Thursday, December 31, 2009

Happy New Year








wishing you a new year of health and happiness

Refugi Redux - by b



I finished reading The Book Thief yesterday on our little vacation in Sonoma. It was an incredible book... terribly heartbreaking. The contrast to this little piece of heaven in northern California where we are staying is almost painful.. where there is space and warmth and food and friends and family around. The Book Thief is about an an incredible young girl outside Munich in WWII --- who loses everyone and everything except her own spirit to naziism and to war. The story is told by perhaps the most omniscient of all narrators: death.

Bombs play a big part in The Book Thief.. and it reminded me that I'd dashed off a very fast blog post a few weeks about about a tour Kristin and i took of one of barcelona's last remaining Spanish Civil War bomb shelters (Refugi 307) -- and that I'd meant to write more and hadn't had a chance. Maybe I was waiting to finish the Book Thief and didn't know it.

refugi 307
The shelter as seen from the street



refugi 307
Our guide



The guide at one point asked if anybody had been in a bomb shelter before. And nobody in the assembly of women (I was the only guy... I'd joined Kristin on a tour put on by the Barcelona Womens Network) ranging in age from 35 to maybe 55/60 raised their hand. I didn't raise my hand either... but I have. When I visited Israel a lot as a young boy that's where we kept our bikes.. the bomb shelter in the small apartment block where my grandparents lived was a bike room.
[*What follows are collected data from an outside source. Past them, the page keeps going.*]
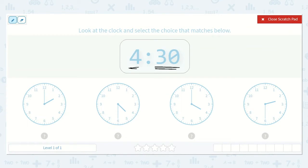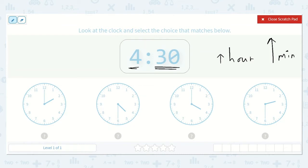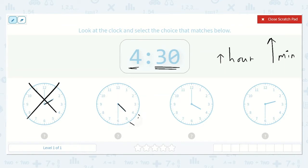I know that the shorthand means hour and that the longhand means minute. So I'm going to first look for the clock that has the shorthand pointing to the 4, because the 4 is my hour. Here the shorthand is pointing to the 2, so I know that is not it. Here the shorthand is pointing between the 4 and the 5, so it is still in the hour of 4, so that's a possibility.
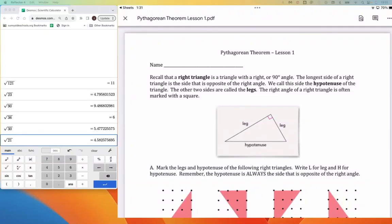We've spent some time talking about squares and square roots, and how a square root is related to the area of a square. Today we're going to move on to right triangles. A right triangle is a special kind of triangle that has a 90-degree angle in it. This 90-degree angle could be on any of the three corners, and it would still be a right triangle.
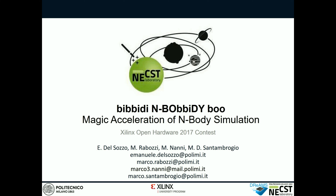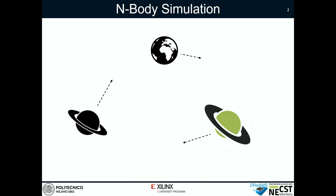Hi! We are 3 students from Politecnico di Milano and we are participating at the Xilinx Open Hardware Contest 2017 with our project Bibidi and Bobbidi Boo, a magic acceleration of M-Body Simulation.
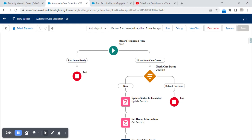Hi everyone, today we are going to see a flow scenario. The scenario is: when a case has been created and assigned to a person, even after 24 hours if the case remains in 'New' status, I need to escalate the case and send out an email to the case owner regarding the escalation. I have created a flow to automate this process.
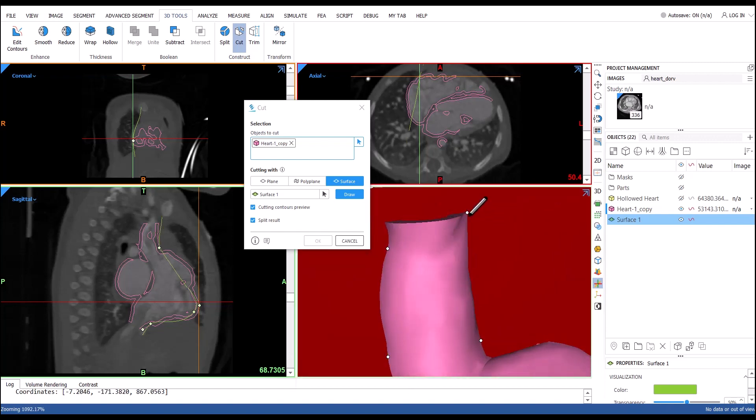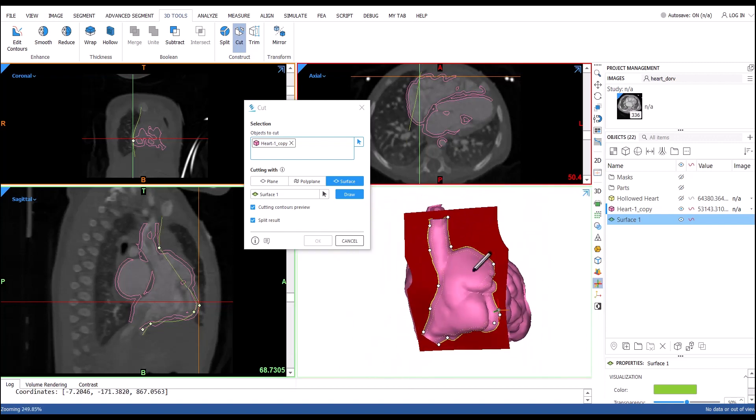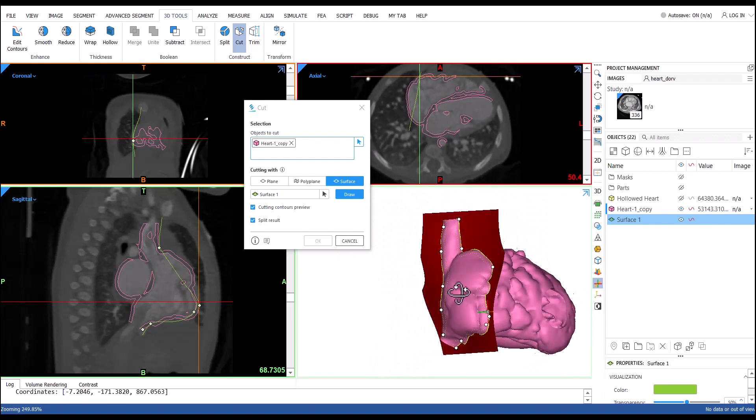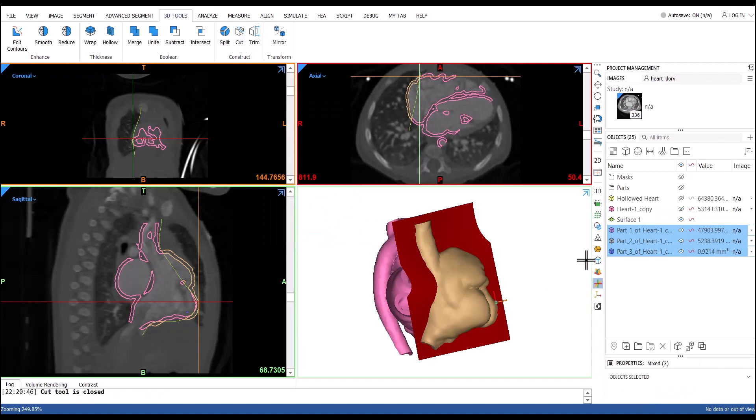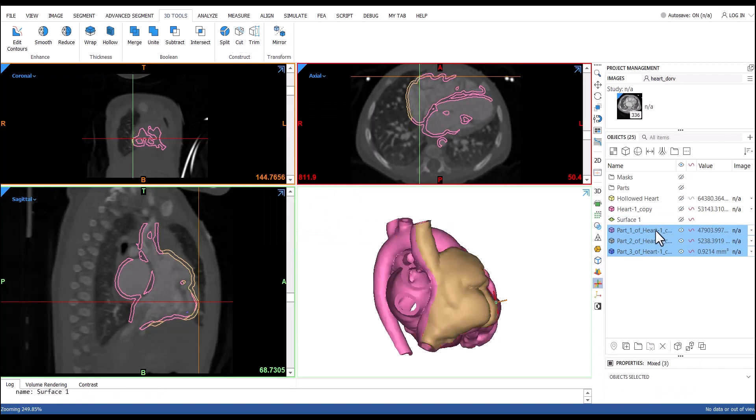Like the septal wall of the heart, for example. Just make sure your surface goes all the way through your part and the cut will perform perfectly.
I'm sure for kids of different ages the bomb shelter served other purposes as well ... i can imagine a pot-smoking room, a makeout room, some pretty nice things. But still... it was a bomb shelter. And when I was very young... during the six day war (which, of course, still continues.. the 100 year war was not 100 years and the six day war was not six days (maybe it's the new 100 years war?)) the sirens went off and my mom had to lift me from my little fold-up bath 'tub" and run me downstairs. No wonder I'm skittish sometimes and a bit of a scaredycat. For me as a baby and for my parents as young parents.. a bomb shelter was a real thing.

And for Kristin's mom too.. in WWII.. she actually was bombed as a very young child. And had to escape a burning building.

As our guide in Barcelona told us, these techniques of bombing civilians (urbacide) were tested out and perfected by the fascists in the Spanish Civil War... and they were used heavily by both axis and allies in the war that followed, WWII.


never again, anywhere is a cry of rage and the desire that the past should not repeat itself
There is a plaque outside the shelter in Barcelona. The quote is in Catalan and it refers to the indiscriminate bombing of civilians. The guide translated it: "Never again, anywhere / is a cry of rage / and the desire that the past should not repeat itself".     But of course, sadly, it does.





Tuesday, December 8, 2009

flavors by k

arel came home a couple weeks ago after soccer practice munching on sunflower seeds, or pipas as they're known here. the flavor: tijuana. it cracked me up. what would tijuana taste like? and would you use it to sell food?

Friday, December 4, 2009

Refugi 307 - by b



A little while ago Kristin invited me along to take a tour with some women of one of the few remaining Civil War bomb shelters---most are parking lots now. This shelter is called Refugi 307 (refoojee---it's Catalan). It was really excellent. The guide was a part oral historian who told us a number stories of people who come to their shelter who used to use it during the war.... or of their kids who come. Bombing civilians from the air was not done in WWI ... and the sick art was tested out in the Spanish Civil War--only to be deployed heavily in WWII. Since it was new in the civil war, people didn't really believe it at first --- that it would be possible. So they didn't support the city building shelters. Later people formed neighborhood groups to build a very large number of shelters. The level of community organizing required was intense.... and also the rules. No discussion of religion or politics in the shelter. And you had to maintain a positive attitude. Those were the rules! Our friend Eileen Kershenbaum took this photo.